• **Data**:
"""

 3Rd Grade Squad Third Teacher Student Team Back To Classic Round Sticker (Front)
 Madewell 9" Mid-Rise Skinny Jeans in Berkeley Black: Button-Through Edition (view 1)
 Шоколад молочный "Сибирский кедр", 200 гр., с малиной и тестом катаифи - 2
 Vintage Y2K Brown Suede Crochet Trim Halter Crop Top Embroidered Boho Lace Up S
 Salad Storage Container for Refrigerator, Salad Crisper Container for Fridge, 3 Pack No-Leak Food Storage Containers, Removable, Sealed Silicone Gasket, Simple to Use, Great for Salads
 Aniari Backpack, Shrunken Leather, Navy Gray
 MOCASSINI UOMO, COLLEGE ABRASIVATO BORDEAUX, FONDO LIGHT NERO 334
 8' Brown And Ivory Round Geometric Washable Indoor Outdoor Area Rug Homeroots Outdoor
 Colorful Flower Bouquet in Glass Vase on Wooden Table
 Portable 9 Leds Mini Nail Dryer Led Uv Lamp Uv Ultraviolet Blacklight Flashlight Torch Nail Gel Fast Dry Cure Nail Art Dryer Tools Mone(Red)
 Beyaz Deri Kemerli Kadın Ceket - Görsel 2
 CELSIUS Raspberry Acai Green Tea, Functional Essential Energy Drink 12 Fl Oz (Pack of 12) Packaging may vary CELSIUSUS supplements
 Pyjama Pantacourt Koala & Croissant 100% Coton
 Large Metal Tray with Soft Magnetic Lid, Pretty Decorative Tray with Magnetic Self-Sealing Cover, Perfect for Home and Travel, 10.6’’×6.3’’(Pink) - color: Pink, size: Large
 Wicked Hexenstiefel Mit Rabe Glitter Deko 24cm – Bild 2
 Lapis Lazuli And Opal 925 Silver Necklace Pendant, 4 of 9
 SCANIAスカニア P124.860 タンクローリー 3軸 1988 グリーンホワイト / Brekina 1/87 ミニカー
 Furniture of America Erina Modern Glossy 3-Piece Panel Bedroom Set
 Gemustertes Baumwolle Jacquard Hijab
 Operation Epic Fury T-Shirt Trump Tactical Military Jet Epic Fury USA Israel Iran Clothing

"""

• **Problem**: When you find a line in the records that contains the word "Brown", copy it.

• **Result of the task**:
 Vintage Y2K Brown Suede Crochet Trim Halter Crop Top Embroidered Boho Lace Up S
 8' Brown And Ivory Round Geometric Washable Indoor Outdoor Area Rug Homeroots Outdoor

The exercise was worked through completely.